● **Task details**:
Everything in the data gets repeated exactly, except for the pictures.

● **Supplied information**:

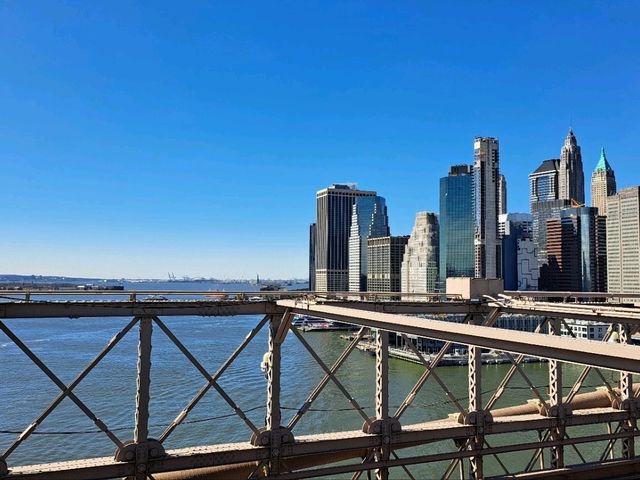 วิวสุดปัง "จากฝั่ง Manhattan ถึง Brooklyn"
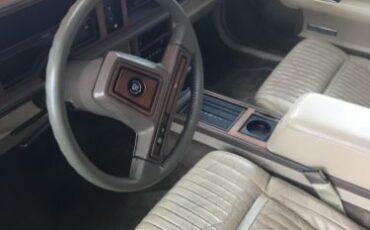 Cadillac-Sedan-1986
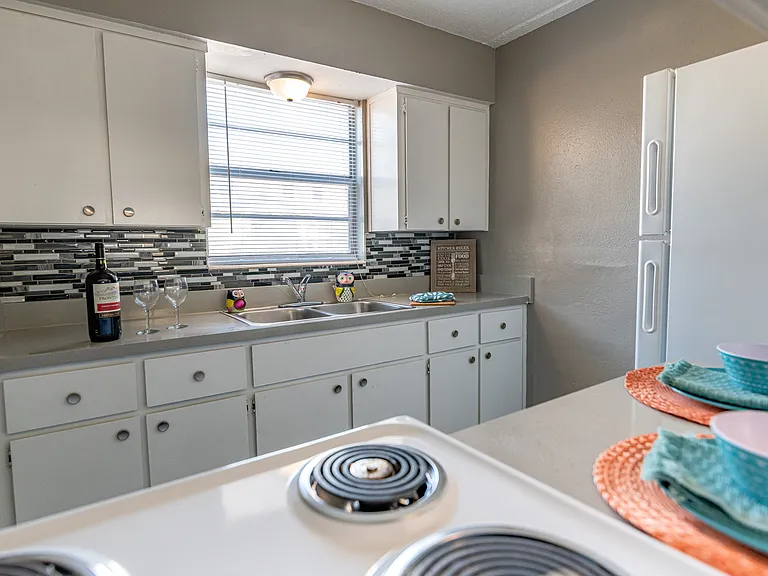 Seaside Apartments — Photo 12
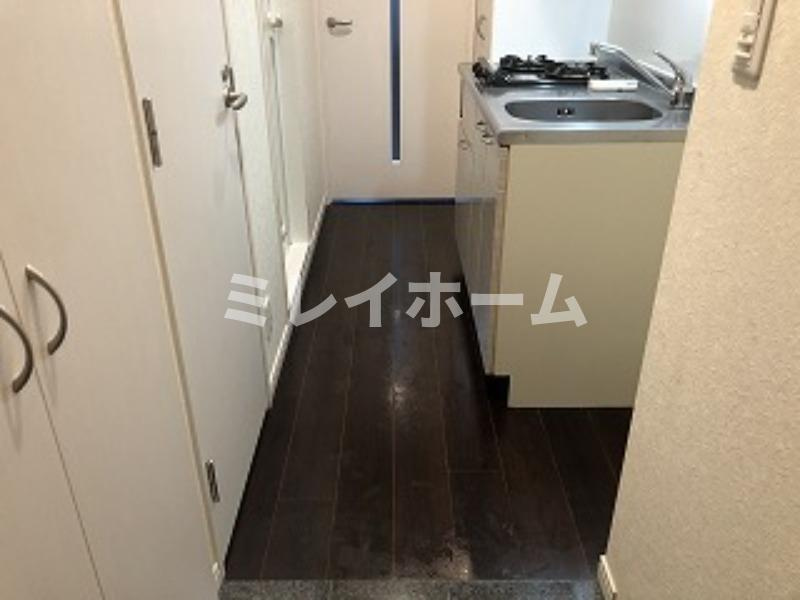 ルーブル西蒲田弐番館の玄関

● **Completed task**:
 วิวสุดปัง "จากฝั่ง Manhattan ถึง Brooklyn"
 Cadillac-Sedan-1986
 Seaside Apartments — Photo 12
 ルーブル西蒲田弐番館の玄関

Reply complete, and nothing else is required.